GSoC #5: Putting it all together

3 minute read

Published:

This week I got started on my next PR to implement “regular” (i.e. non-Laplace) marginalisation on the hyperparameters, and also develop a skeleton for a user-facing fit_INLA method which would essentially be the final product.

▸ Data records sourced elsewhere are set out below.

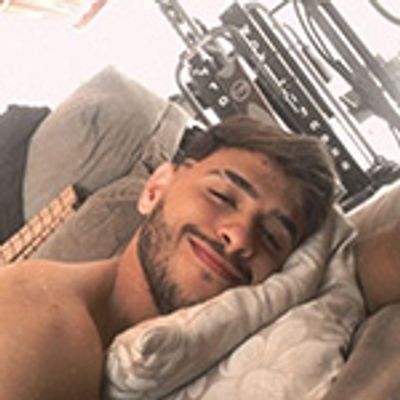 Pet Safety Gate Plus – Extra Strong, No-Drill Pet Gate for Stairways, Doorways & Hallways | Easy One-Hand Use, No Wall Damage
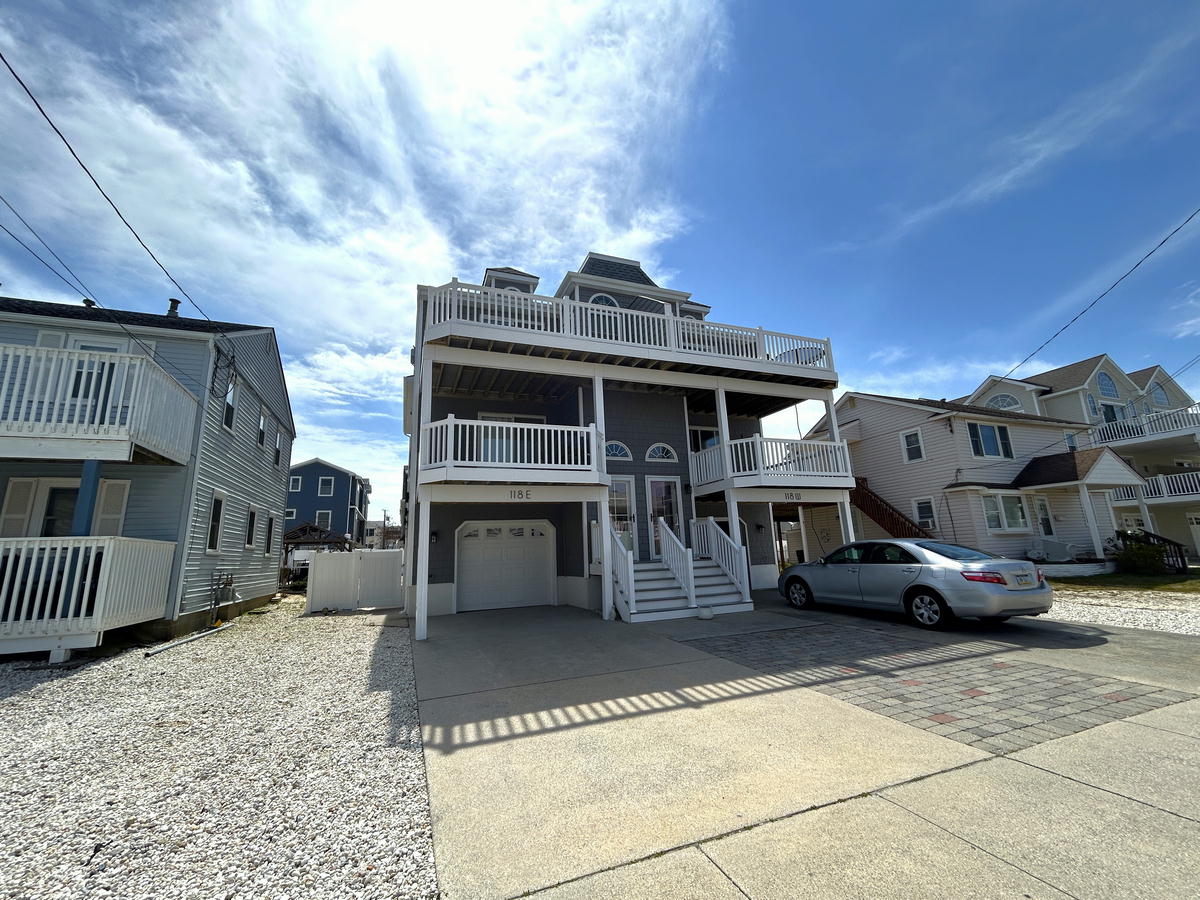 6405 Pleasure Ave South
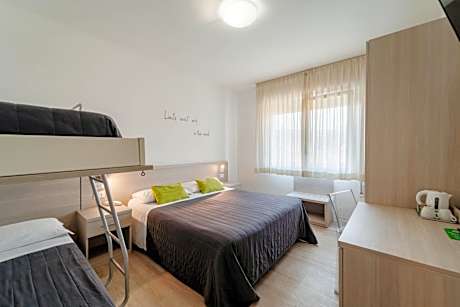 Quadruple Room with Private Bathroom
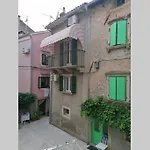 Apartment Veli Dvor - Private House In Old Town Cres Apartamento Cres
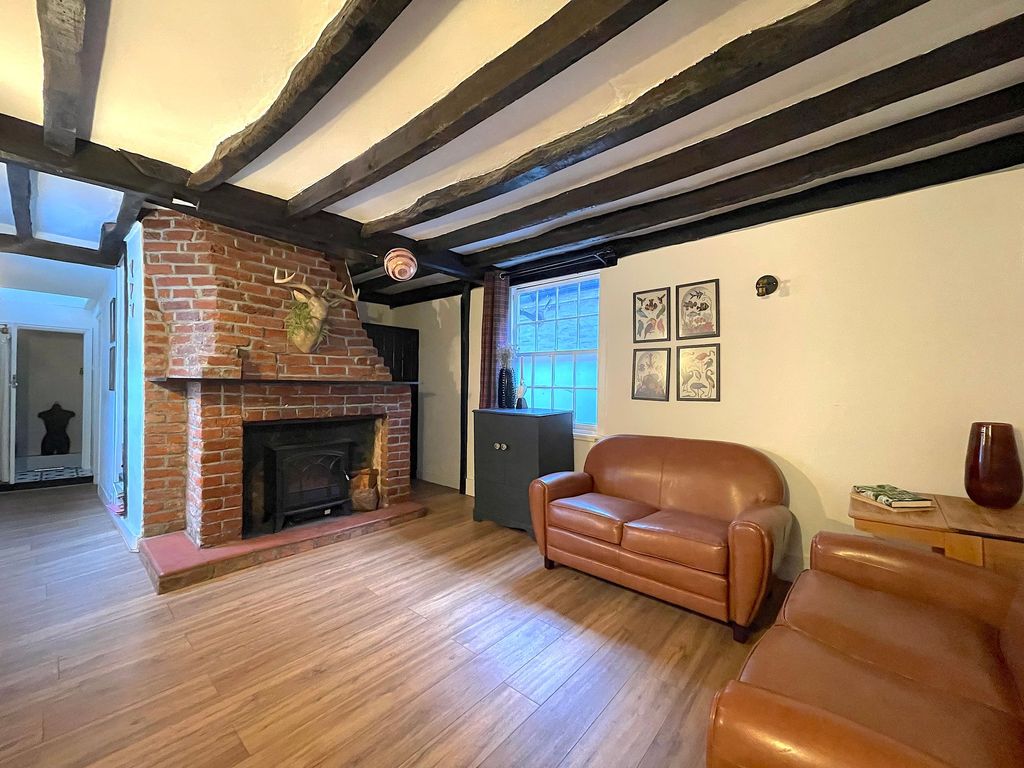 Property photo 3 of 29 Living Room (1)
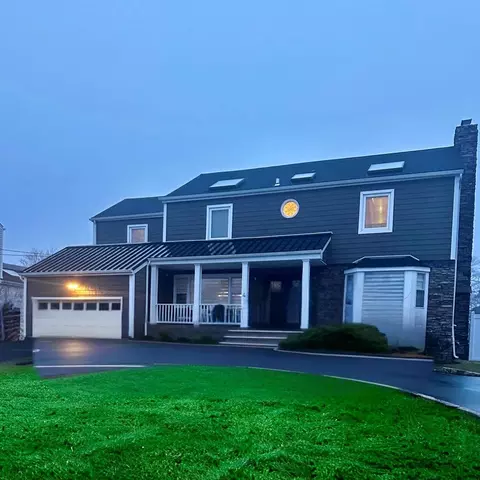 4 Bonnie Ct, Merrick, NY 11566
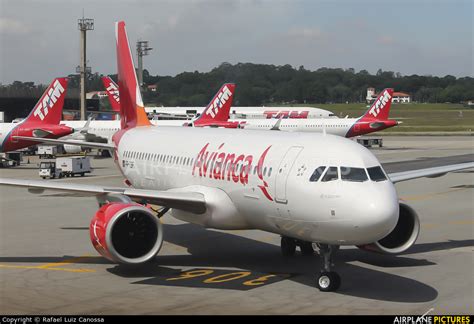 PR OBF Avianca Brasil Airbus A320 NEO at São Paulo Guarulhos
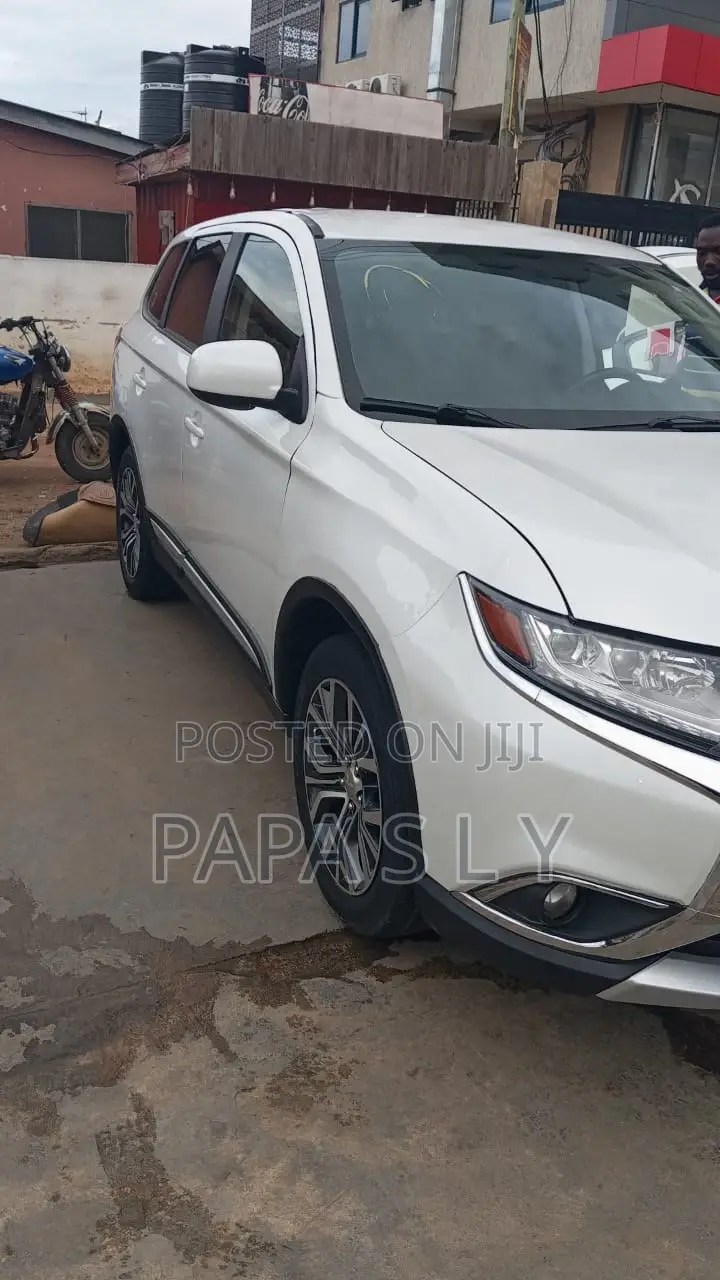 Mitsubishi Outlander ES FWD 2017 White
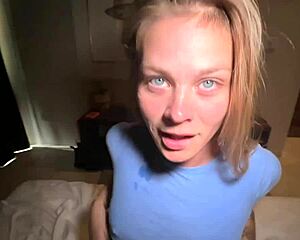 Cute teen slut squirts intensely in rough quickie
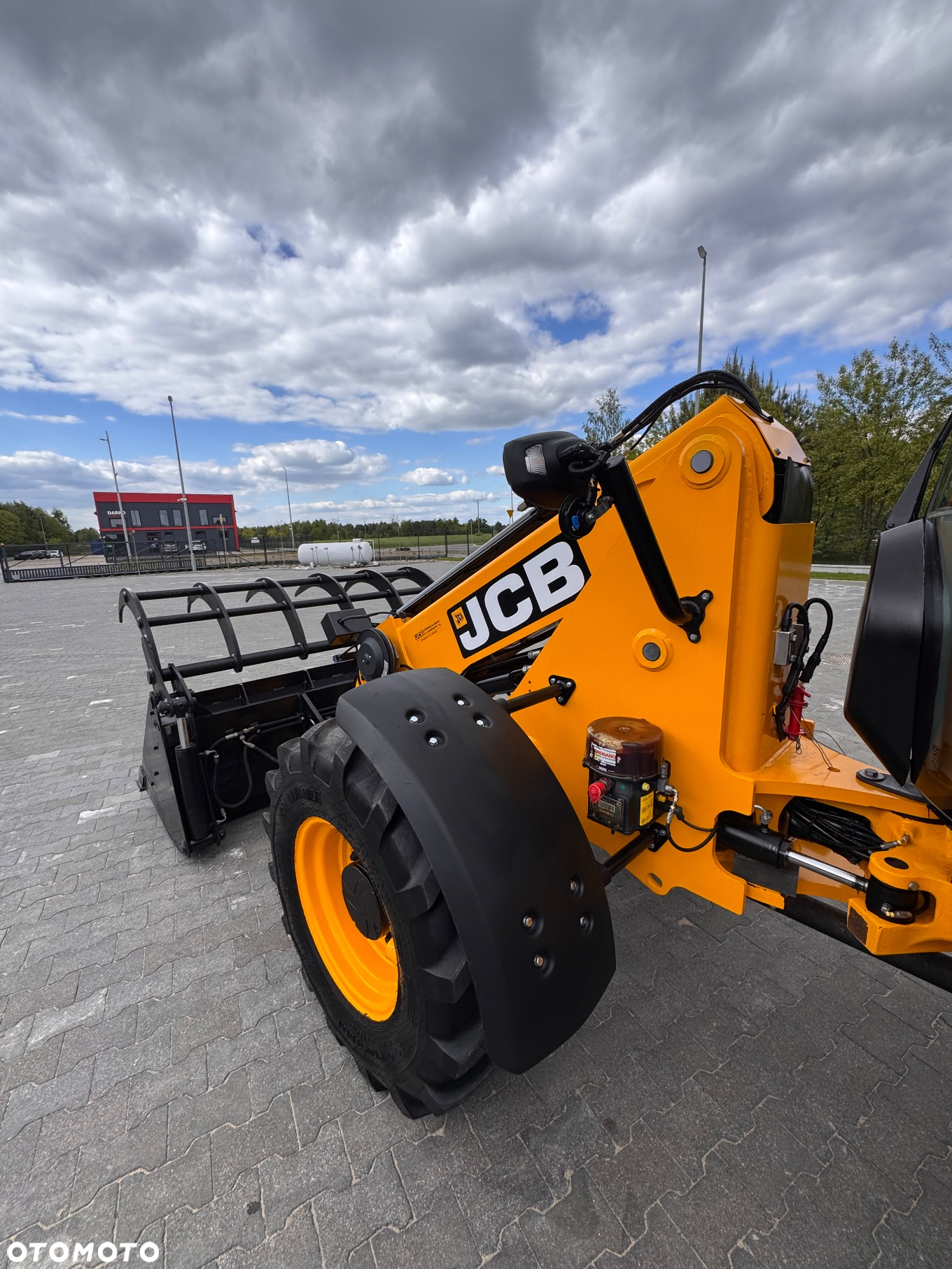 JCB TM 220 |przegubowo-teleskopowa | 2019r| 2 łyżki | krokodyl | szybka jazda 40km | - 27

As I currently see it, I envision the high-level functionality is as follows:

  1. Obtain the posterior \(p(\theta \mid y) = \frac{p(y \mid x, \theta)p(x \mid \theta)p(\theta)}{p_G(x \mid y, \theta)}\) in log form up to a constant \(-\log(p(y))\).
    1. \(p(y \mid x, \theta)\) is the likelihood of the observations, that is model.logp()
    2. \(p(x \mid \theta) = -\frac{1}{2} (x - \mu)^T Q (x - \mu) + \frac{1}{2} \text{logdet}(Q) - \frac{d}{2}\log(2\pi)\) is specified by the fact that \(x\) is a latent Gaussian.
    3. \(p(\theta)\) is specified by the user.
    4. \(p_G(x \mid y, \theta)\) is the Laplace approximation mentioned in previous posts.
  2. Additionally obtain the joint posterior for the latent field \(p(x_j \mid \theta, y) = \frac{p(y \mid x, \theta)p(x \mid \theta)p(\theta)}{p(x_{-j} \mid x_j, \theta, y)}\)
    • Where \(x_{-j}\) follows the convention in the literature to denote “every component except \(x_j\).
    • It is currently unclear to me how to obtain \(p(x_{-j} \mid x_j, \theta, y)\), however it is my understanding that it is typically obtained using a similar Laplace approximation, or by “conventional” marginalisation (sampling/integration).
  3. Marginalize out the hyperparameters:
    1. \[p(x_j \mid y) = \int p(x_j \mid \theta, y)p(\theta \mid y) d\theta\]
    2. \[p(\theta_k \mid y) = \int p(\theta \mid y) d\theta_{-k}\]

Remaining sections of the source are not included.